To my chagrin I only recently discovered how deeply metadata-based workflows have become embedded in the Adobe workflow. (Thanks to Jacob Rosenberg’s demonstration at the June Editor’s Lounge for turning me on to this.) Adobe have crafted a great workflow for scripted productions that goes like this:

  1. Collaboratively write your script in Adobe Story, or import a script from most formats, including Final Draft. (Story is a web application.)
    • Adobe Story parses the script into Scenes and Shots automatically.
  2. Export from Adobe Story to a desktop file that is imported into OnLocation during shooting.
    • In OnLocation you have access to all the clips generated out of the Adobe Story file. Clips can be duplicated for multiple takes.
    • Clips are named after Scene/Shot/Take.
  3. During shooting you do not need to have a connection to the camera because some genius at Adobe realized that metadata could solve that problem. All that needs to be done during shooting of any given shot/take is for a time stamp to be marked against the Clip:
    • i.e. this clips was being taken “now”.
    • Marking a time stamp is a simple button press with the clip selected.
  4. After footage has been shot, the OnLocation project is “pointed” to the media where it automatically matches the shot with the appropriate media file, based on the time stamp metadata in the media file with the time mark in the OnLocation Clip.
    • The media file is renamed to match the clip. Ready for import to Premiere Pro CS5.

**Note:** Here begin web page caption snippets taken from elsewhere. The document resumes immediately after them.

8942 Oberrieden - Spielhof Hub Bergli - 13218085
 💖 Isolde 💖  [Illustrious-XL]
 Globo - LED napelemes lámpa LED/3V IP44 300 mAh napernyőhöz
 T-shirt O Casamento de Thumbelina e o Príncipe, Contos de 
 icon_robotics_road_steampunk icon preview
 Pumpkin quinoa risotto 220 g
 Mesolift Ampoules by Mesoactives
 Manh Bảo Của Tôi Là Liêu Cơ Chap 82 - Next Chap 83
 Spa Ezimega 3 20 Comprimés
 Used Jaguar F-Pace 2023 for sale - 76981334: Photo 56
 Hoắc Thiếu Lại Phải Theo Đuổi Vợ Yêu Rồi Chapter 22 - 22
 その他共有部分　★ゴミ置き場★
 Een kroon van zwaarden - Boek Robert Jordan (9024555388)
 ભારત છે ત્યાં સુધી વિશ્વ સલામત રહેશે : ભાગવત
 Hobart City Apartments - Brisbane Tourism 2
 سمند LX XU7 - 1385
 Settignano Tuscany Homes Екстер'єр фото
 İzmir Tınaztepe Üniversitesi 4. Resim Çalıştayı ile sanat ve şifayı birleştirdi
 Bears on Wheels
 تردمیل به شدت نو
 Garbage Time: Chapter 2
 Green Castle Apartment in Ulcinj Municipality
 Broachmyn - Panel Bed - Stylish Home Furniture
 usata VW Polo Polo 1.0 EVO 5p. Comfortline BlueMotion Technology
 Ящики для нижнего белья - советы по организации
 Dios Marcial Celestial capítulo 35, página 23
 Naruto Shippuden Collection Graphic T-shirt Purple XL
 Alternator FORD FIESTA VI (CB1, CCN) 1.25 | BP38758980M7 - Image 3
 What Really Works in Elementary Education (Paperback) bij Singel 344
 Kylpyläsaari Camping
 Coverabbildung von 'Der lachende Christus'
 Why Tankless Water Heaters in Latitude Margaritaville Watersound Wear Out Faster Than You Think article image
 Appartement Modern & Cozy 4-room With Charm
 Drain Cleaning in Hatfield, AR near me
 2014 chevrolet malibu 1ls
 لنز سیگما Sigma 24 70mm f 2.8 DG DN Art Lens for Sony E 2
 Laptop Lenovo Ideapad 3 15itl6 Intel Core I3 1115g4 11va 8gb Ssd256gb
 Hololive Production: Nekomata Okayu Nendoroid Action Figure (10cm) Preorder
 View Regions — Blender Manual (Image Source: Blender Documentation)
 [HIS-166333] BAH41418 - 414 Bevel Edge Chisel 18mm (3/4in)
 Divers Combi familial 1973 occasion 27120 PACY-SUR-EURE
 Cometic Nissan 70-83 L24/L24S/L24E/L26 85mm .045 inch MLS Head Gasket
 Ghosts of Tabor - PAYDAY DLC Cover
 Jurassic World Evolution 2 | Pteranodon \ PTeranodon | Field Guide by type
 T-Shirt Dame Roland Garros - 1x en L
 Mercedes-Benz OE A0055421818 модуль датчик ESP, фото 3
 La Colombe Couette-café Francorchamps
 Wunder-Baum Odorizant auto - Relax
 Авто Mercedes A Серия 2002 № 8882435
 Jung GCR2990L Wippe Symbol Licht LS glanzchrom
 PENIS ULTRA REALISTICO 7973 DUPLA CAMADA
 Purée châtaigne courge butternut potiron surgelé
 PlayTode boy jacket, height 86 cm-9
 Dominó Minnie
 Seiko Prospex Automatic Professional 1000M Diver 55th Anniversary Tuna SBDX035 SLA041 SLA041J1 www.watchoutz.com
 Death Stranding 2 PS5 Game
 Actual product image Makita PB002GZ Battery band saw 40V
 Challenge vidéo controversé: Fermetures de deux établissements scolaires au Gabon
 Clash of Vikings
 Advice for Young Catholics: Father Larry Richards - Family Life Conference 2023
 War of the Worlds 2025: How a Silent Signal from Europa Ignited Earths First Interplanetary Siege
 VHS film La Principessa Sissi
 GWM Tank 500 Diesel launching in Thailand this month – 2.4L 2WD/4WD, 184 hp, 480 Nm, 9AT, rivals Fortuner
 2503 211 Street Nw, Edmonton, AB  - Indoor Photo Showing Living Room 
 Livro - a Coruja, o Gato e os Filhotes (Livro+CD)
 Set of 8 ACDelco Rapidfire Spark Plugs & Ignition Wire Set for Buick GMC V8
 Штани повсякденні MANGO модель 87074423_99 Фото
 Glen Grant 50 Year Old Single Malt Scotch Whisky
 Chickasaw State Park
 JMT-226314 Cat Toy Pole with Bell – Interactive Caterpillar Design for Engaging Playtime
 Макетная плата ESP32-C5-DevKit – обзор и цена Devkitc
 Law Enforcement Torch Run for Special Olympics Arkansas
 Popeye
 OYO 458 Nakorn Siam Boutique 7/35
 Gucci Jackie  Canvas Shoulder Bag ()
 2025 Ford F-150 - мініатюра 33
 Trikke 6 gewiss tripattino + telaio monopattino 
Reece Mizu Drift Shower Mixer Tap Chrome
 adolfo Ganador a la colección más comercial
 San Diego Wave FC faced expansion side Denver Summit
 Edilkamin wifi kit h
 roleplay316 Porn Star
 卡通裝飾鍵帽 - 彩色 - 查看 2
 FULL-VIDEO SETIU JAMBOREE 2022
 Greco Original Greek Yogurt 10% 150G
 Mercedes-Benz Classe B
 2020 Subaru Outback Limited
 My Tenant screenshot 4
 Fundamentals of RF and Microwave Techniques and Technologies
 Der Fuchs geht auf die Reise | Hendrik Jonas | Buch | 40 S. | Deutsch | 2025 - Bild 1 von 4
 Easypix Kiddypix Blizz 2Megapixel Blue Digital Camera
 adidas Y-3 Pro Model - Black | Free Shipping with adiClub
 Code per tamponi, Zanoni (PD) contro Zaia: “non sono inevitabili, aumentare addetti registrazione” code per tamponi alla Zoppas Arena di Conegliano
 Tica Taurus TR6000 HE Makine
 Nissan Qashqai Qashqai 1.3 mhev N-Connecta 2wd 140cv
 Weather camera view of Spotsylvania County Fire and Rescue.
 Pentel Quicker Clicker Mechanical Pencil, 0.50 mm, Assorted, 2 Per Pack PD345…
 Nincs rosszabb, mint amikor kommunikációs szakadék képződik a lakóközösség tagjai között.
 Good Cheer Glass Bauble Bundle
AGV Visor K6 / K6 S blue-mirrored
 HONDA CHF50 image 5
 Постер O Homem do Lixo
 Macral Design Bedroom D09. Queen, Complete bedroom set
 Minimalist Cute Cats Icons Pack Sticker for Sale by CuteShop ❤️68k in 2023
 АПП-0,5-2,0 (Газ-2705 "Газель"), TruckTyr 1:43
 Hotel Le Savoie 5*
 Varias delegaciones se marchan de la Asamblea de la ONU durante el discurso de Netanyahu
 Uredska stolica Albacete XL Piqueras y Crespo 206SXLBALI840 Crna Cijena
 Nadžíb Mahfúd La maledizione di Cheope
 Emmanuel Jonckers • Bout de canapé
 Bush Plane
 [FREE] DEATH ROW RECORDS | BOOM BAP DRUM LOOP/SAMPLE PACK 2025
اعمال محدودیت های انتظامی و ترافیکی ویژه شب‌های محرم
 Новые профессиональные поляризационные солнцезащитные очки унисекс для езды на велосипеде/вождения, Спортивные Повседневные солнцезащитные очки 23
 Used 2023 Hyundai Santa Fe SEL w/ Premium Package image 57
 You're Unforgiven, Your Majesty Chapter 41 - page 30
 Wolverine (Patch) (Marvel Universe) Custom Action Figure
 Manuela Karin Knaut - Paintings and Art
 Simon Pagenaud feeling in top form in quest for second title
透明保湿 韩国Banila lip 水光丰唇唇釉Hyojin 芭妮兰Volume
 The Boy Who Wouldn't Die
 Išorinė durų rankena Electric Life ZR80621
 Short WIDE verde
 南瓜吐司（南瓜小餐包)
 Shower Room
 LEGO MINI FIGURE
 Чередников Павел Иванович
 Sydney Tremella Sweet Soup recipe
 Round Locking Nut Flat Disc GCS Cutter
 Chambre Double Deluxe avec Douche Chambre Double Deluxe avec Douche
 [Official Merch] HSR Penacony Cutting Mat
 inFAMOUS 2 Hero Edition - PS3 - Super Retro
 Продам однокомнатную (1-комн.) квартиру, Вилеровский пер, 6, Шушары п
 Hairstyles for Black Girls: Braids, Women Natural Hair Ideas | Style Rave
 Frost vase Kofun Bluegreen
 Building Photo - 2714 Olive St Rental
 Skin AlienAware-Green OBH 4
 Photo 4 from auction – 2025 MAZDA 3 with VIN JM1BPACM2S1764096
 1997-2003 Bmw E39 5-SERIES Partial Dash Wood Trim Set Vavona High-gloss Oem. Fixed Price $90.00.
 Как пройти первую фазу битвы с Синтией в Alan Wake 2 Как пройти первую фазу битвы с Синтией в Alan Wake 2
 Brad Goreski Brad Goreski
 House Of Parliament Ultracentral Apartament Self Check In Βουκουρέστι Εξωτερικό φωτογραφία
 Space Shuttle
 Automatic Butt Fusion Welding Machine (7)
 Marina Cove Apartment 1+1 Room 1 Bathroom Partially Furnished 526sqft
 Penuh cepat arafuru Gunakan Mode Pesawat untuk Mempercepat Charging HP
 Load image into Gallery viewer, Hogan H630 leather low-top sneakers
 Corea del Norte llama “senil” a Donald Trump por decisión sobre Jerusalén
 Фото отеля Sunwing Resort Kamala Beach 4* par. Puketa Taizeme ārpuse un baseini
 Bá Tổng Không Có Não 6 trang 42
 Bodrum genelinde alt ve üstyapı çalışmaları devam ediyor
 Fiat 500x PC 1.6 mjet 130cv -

Now here’s the genius part in my opinion (other than using the time stamp to link clips). The script from Adobe Story has been embedded in those OnLocation clips, and is now in the clip. Once Speech Analysis is complete for each clip, the script is laid-up against the analyzed media file so each word is time stamped. The advantage of this workflow over using a guide script directly imported is that the original formatting is used when the script comes via Story.

All that needs to be done is to build the sequence based on the script, with the advantage that every clip is now searchable by word. Almost close to, but not quite, Avid’s ScriptSync based on an entirely different technology (Nexidia).

It’s a great use of script and Speech Analysis and a great use of time-stamp metadata to reduce clip naming, linking and script embedding. A hint of the future of metadata-based workflows.

All we need now, Adobe, is access to all the Source Metadata.